To add to this, because of Jesus’ resurrection in the garden, we are guaranteed new life in Jesus forevermore. It is due to the fact that Jesus is alive that His promise of eternal life is secured (cf. John 3:15–16; 4:14; 5:24; 6:47, 54; 10:28; 17:2–3). If Jesus did not rise according to Paul in 1 Cor 15:17, we remain dead in our sins. The good news of the gospel is that Jesus is alive forevermore (cf. 1 Cor 15:20)
Furthermore, it is because of Jesus’ resurrection to life that we all will be raised as well, for those who believe in Jesus (cf. 1 Cor 15:23–24). In Jesus’ resurrection in the garden, we are guaranteed new physical life in Jesus forevermore. While in Adam, there was new life one time, through Jesus there is new life from what occurred in the garden millions of times over.
The second observation was that Adam was God’s representative in the garden tasked with keeping it as a testing ground of faithfulness.

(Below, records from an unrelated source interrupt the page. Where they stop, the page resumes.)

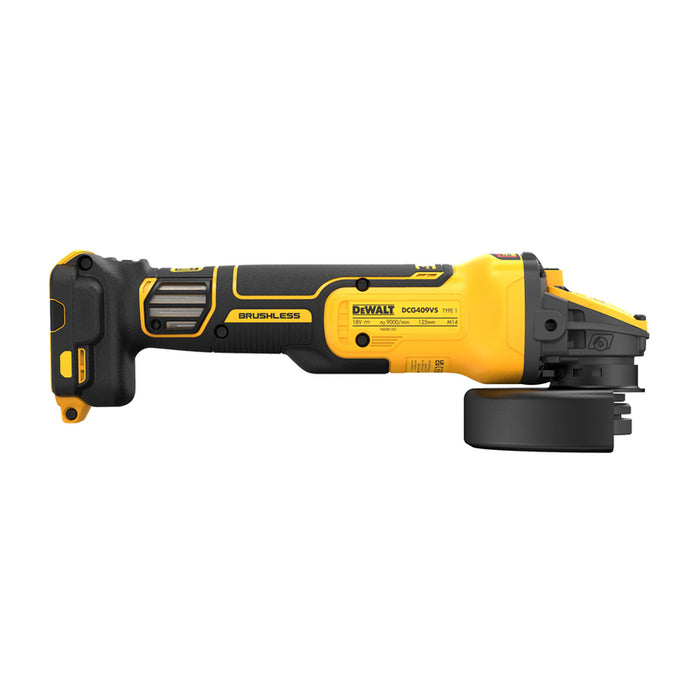 АКУМУЛАТОРЕН ЪГЛОШЛАЙФ DEWALT DCG409VSN-XJ 18 V, 125 мм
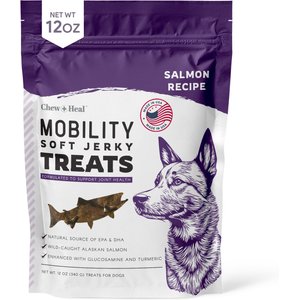 Chew + Heal Mobility Wild Alaskan Salmon Limited Ingredient Soft Jerky Dog Treats, 12-oz bag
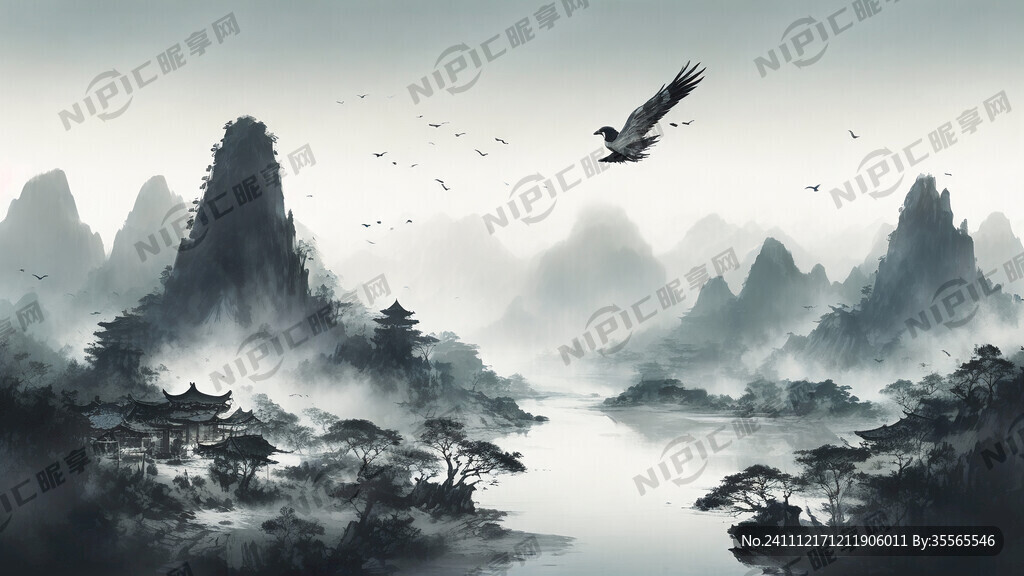 山水畫 飛鳥 房屋 山水風景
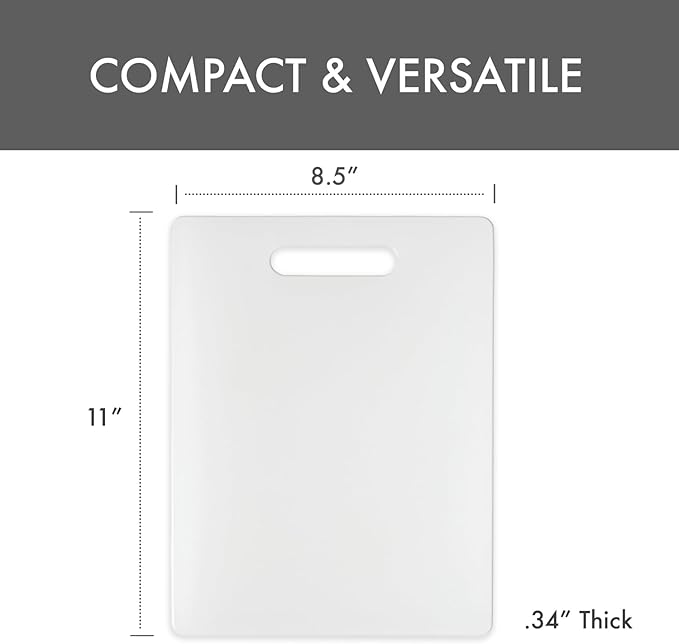 Dexas NSF Polysafe Cutting Board with Handle, 8.5 by 11 inches, White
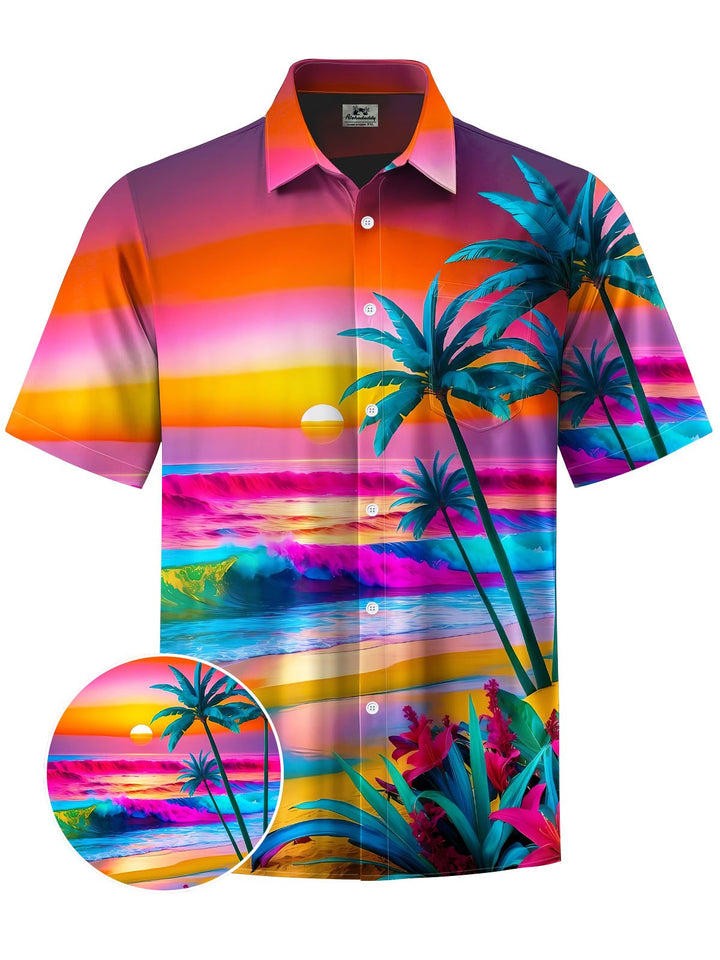 Alohadaddy® Hawaii Coconut Tree Beach Print Chest Pocket Men&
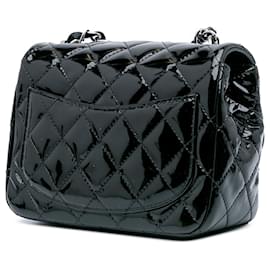 Chanel-Chanel Black Mini Square Classic Patent Single Flap-Black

In Jesus, His resurrection from the garden isn’t a testing ground for faithfulness, rather His resurrection is the proving ground of His faithfulness. Where Adam failed, Jesus did not. He was entirely faithful to the Father as Man’s representative, whereas Adam was not (cf. Rom 5:12–21). Jesus fulfilled the law (cf. Matt 5:17–18; Rom 10:4). He was without sin and perfectly righteous (cf. Matt 3:15; 2 Cor 5:21; Heb 4:15; 1 Pet 2:22). The resurrection was a confirmation from the Father of everything Jesus promised (cf. John 10:17–18; Gal 1:1). Jesus is the perfect representative for man, as He is perfect God and Man. Adam sinned and could not save us. Jesus did not sin and was the only One who could through His death and resurrection.
The resurrection shows us, to borrow the words of Matt Papa, “the true and better Adam come to save the hell-bound man, Christ the great and sure fulfillment of the law; in Him we stand.” Jesus rose as the successful representative of man on earth and will represent all of His people forevermore. What wonderful news that is!

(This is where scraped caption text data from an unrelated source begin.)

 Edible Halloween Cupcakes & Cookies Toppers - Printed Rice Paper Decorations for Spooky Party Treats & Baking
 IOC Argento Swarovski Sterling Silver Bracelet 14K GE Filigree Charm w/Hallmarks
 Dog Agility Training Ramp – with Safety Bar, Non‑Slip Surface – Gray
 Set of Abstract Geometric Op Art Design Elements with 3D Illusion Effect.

I believe that Jesus’ placement in the garden is an intentional, providential, God-inspired, connection back to the garden of Eden (cf. 2 Tim 3:16–17). Jesus rises from the dead as the greater Adam who succeeded where Adam failed, and He will reign forevermore over His Edenic kingdom on earth as King of Kings and Lord of Lords. As we long for that day, I hope in this small, but significant detail toward the end of John you find solace and encouragement for your soul.